Bis auf das Jahr 1831 zurückgehend, befanden sich in diesem Haus immer eine Gaststätte sowie eine Metzgerei. Die Schildgerechtigkeit und der Name Kallsberg wurde durch Georg Bräunlinger übernommen. Ein mehrmaliger Wechsel der Wirte erfolgte in den Jahren 1870 bis 1890. Hier tauchen die Namen Friedrich Freed sowie J. Treiber auf, zu dieser Zeit war es bereits ein Wirtshaus, das vom Sozialdemokratischen Verein in Schwetzingen als Versammlungsort benutzt wurde.

In diesem Zeitraum änderte sich auch die Schreibweise des Gasthauses von Kallsberg zu Karlsberg. Bereits 1919, also kurz nach dem Ersten Weltkrieg, wurde das Karlsberg als Wahllokal der Schwetzinger SPD benutzt. Hinweise in den Zeitungen von damals belegen dies.

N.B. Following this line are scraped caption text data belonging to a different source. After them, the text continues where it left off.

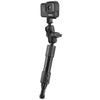 9" Tough-Pole™ Camera Mount With Spline Post - RAP-114-PSP-4-A-GOP1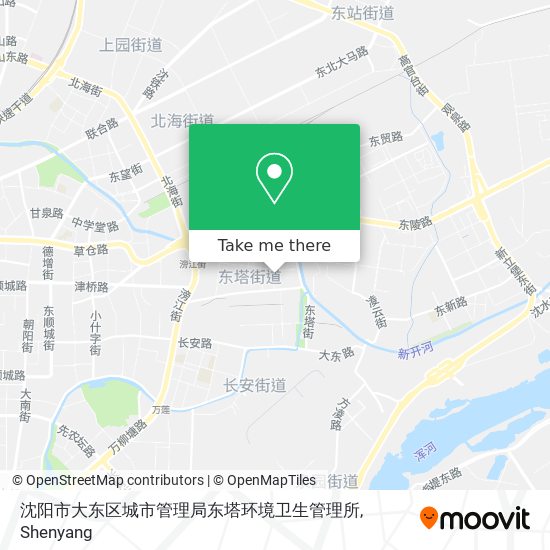 沈阳市大东区城市管理局东塔环境卫生管理所 map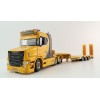 WSI 01-4224 Vlastuin Torpedo 6x2 Prime Mover with Semi Broshuis Extentable Steerable Low Loader Trailer - Krommenhoek  - Scale 1:50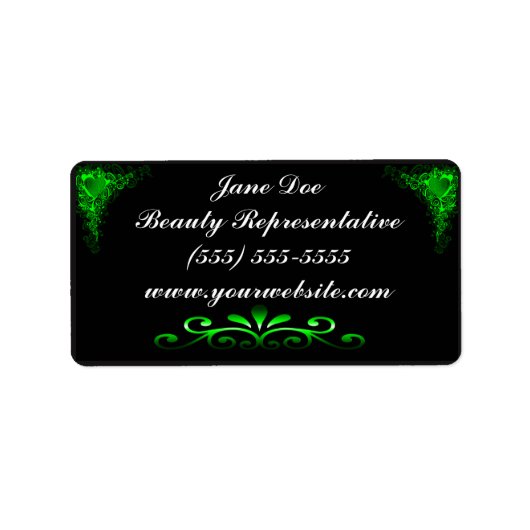 Neon Green Brochure Sticker, het werkt Etiket (Voorkant)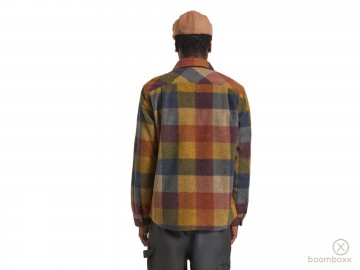 Brixton bowery ls artic stretch shirt rust copper 01221 rstcp fotoshoot 2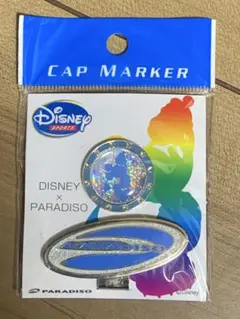 新品未開封　パラディーゾ　ディズニーコラボ　ゴルフマーカー　青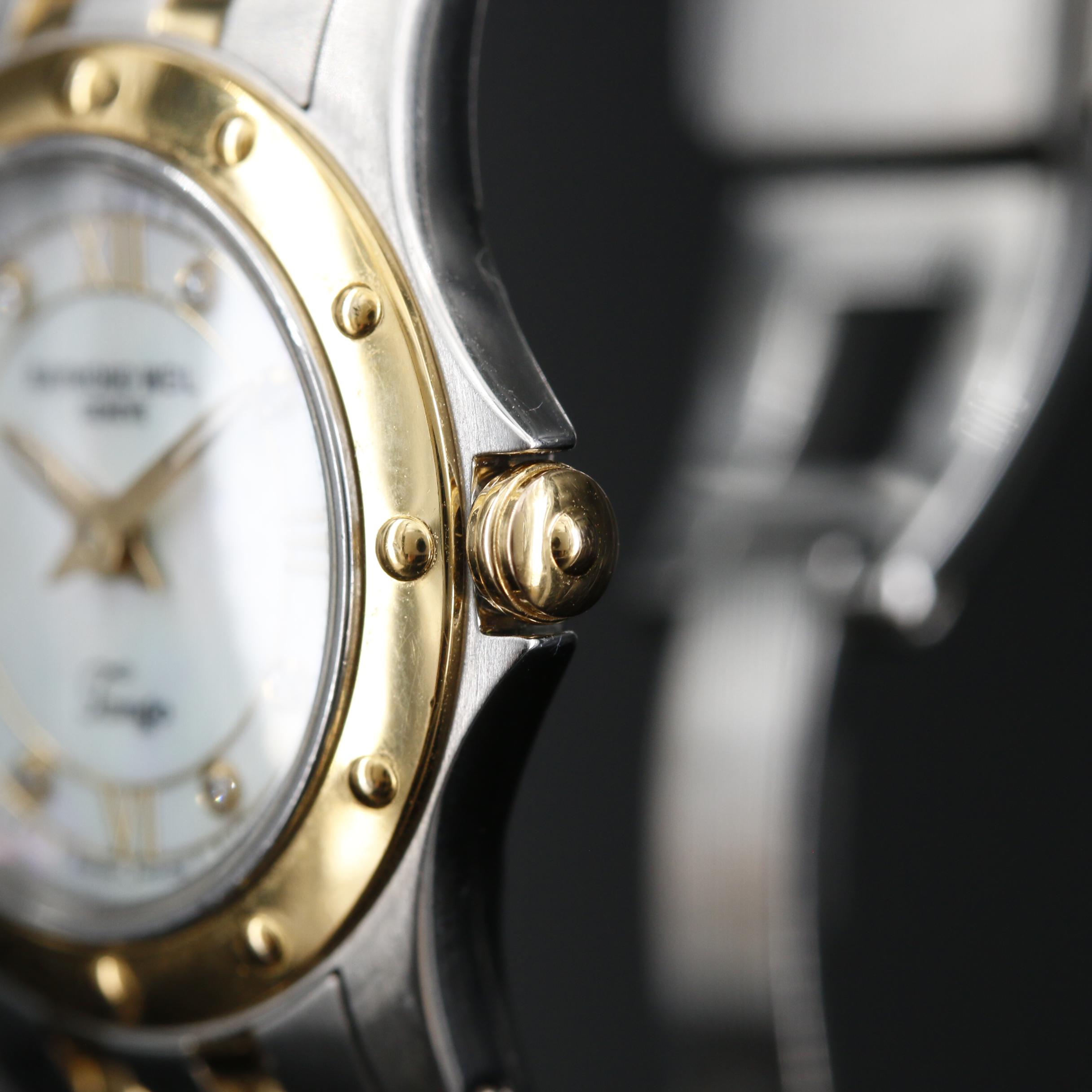 Raymond Weil Tango 18K Gold Plate and Stainless Steel with Diamond Dial Watch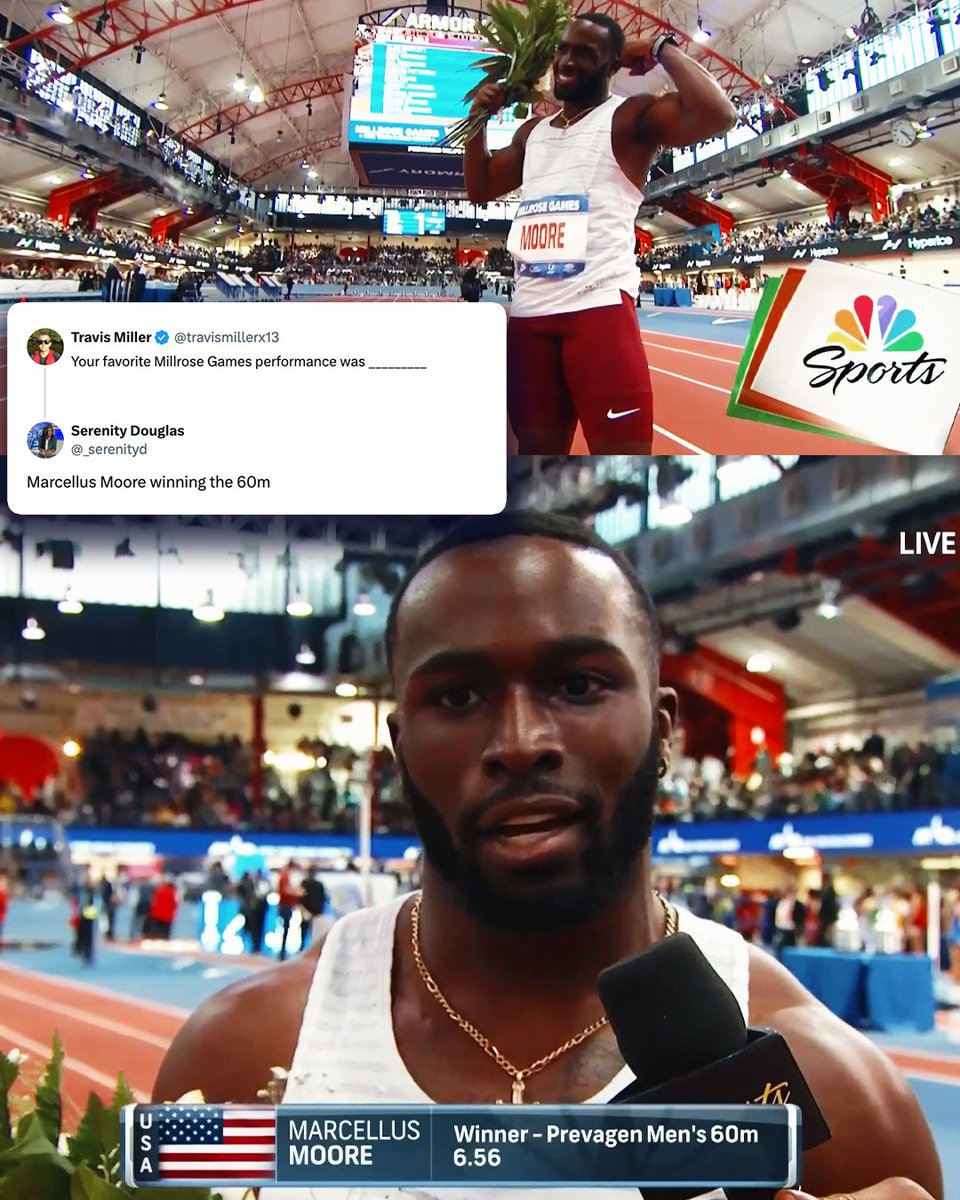 Impressive win for Marcellus Moore at the Millrose Games 💪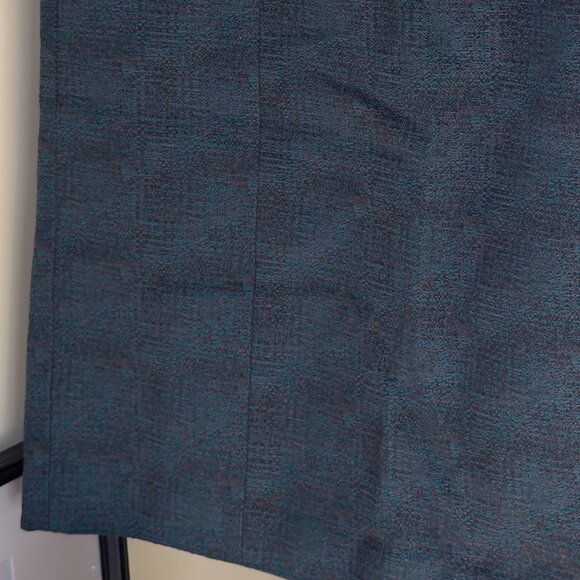 NBW Vintage Ann Taylor 100% Cotton Blue & Grey Tweed Pencil Skirt| US 14 - Picture 5 of 11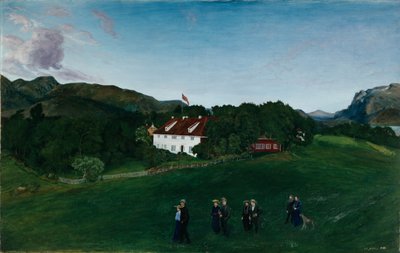 スヴァノエマナー、1904年頃 作： Nikolai Astrup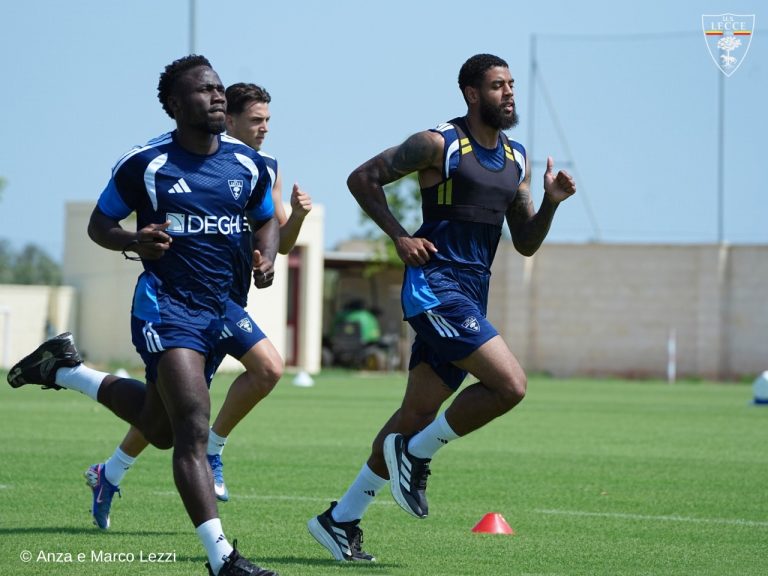 Lecce: primo allenamento in giallorosso per Geubbels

Umbenannt wurde das Karlsberg mit der Übernahme des Wirtes Karl Renner 1920, der die Wirtschaft „Zum Roten Ochsen“ nannte. Im gleichen Jahr zeigt eine Annonce in der Schwetzinger Zeitung auf, dass sich auch die elsässisch-lothringischen Flüchtlinge zu Versammlungen in diesem Lokal trafen.

Bereits 1924 erfolgte ein weiterer Wirtewechsel diesmal zu Heinrich Fischer. Drei Jahre später, 1927, hatte der Wirt und Metzger Karl Hänsler das Gasthaus „Zum Ochsen“ übernommen, diese Wirtsleute übergaben ihrem Sohn Ludwig in den 1950er Jahren den „Ochsen“.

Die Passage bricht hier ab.